Abstract

This article is concerned with Harry Frankfurt's seminal paper "Alternate Possibilities and Moral Responsibility". Firstly, it describes the philosophical context of Frankfurt’s paper and explains the main features of the speculative analysis of the ability to do otherwise proposed by G. E. Moore as a possible solution to the problem of free will. Secondly, it reveals the general insights that motivate Frankfurt’s criticism of the principle of alternate possibilities. Thirdly, it examines Frankfurt’s account of free action based on the distinction between the desires of different orders in the structure of the motivational system of the agent. Fourthly, it explores some ways to criticize Frankfurt's thought experiment and some particular conclusions that were drawn from this experiment. The first strategy seeks to reveal some hidden alternates in Frankfurt's thought experiment that are enough robust to ground the moral responsibility of the agent.

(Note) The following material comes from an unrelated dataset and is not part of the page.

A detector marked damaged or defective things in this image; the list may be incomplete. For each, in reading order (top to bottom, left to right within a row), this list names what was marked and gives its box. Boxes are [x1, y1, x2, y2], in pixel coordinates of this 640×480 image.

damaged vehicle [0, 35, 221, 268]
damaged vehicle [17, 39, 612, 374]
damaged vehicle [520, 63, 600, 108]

The second strategy uncovers the hidden assumption of Frankfurt’s experiment: it presupposes but does not prove that determinism is compatible with moral responsibility. The third strategy concerns the new formulation of the principle of alternate possibilities. This new principle is supposed to be immune to the Frankfurt-type cases. This third strategy is further elaborated in the W}-defense proposed by D. Widerker, who raised the question of whether we are morally justified to expect that the agent would do something else than what he actually does in Frankfurt-type cases.